Score 9/10 — half a point off only because the readout-as-linear-regression bit goes by fast and the video skips why the echo state property specifically (rather than some other stability condition) is what makes the basis usable. Still, for a 14-minute video this is a remarkable amount of intellectual ground covered.
The deeper thing worth sitting with: this is a recurring pattern in modern theory — large random systems often work better than carefully engineered ones, as long as you read them out smartly. It shows up in extreme learning machines, in some interpretations of why huge transformers work, in compressed sensing. Random + smart readout > engineered + dumb readout. Worth keeping that template in your head.
Further Reading
- Jaeger & Haas (2004) — Harnessing Nonlinearity: Predicting Chaotic Systems and Saving Energy in Wireless Communication. The foundational echo-state-network paper.
- Maass, Natschläger & Markram (2002) — Real-Time Computing Without Stable States. The “liquid state machine” version of the same idea, framed for biological microcircuits.
- Sussillo & Abbott (2009) — Generating Coherent Patterns of Activity from Chaotic Neural Networks. The FORCE learning algorithm, which extends reservoir computing into the chaotic regime — directly relevant to Kirsanov’s tradeoff.

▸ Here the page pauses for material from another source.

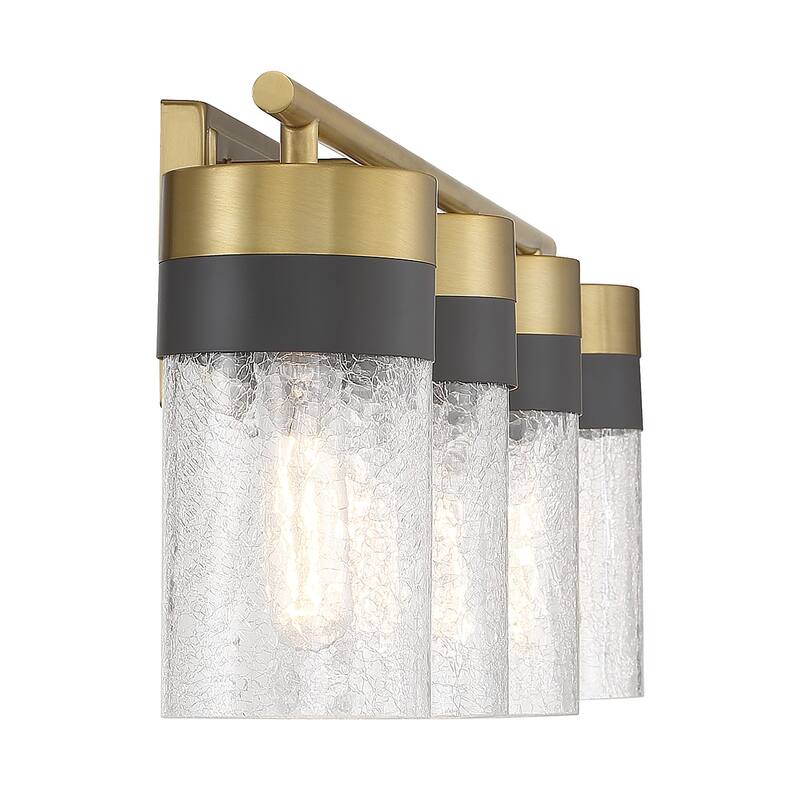 Warm Brass Four Light Bathroom Vanity from the Brickell Collection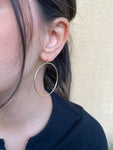 Runda stora örhängen med krok 14k gold filled och Sterling silver, hoop örhängen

- Jeff Hawkins — A Thousand Brains. Sponsor mention in the video, but actually relevant: argues the cortex is itself a population of semi-independent reservoir-like columns.
- Artem Kirsanov’s prior video on recurrent networks — the explicit predecessor to this one; worth watching first if RNNs feel hazy.
- For Fourier, any intro signal-processing text — but Grant Sanderson’s (3Blue1Brown) Fourier series video is the cleanest visual intuition.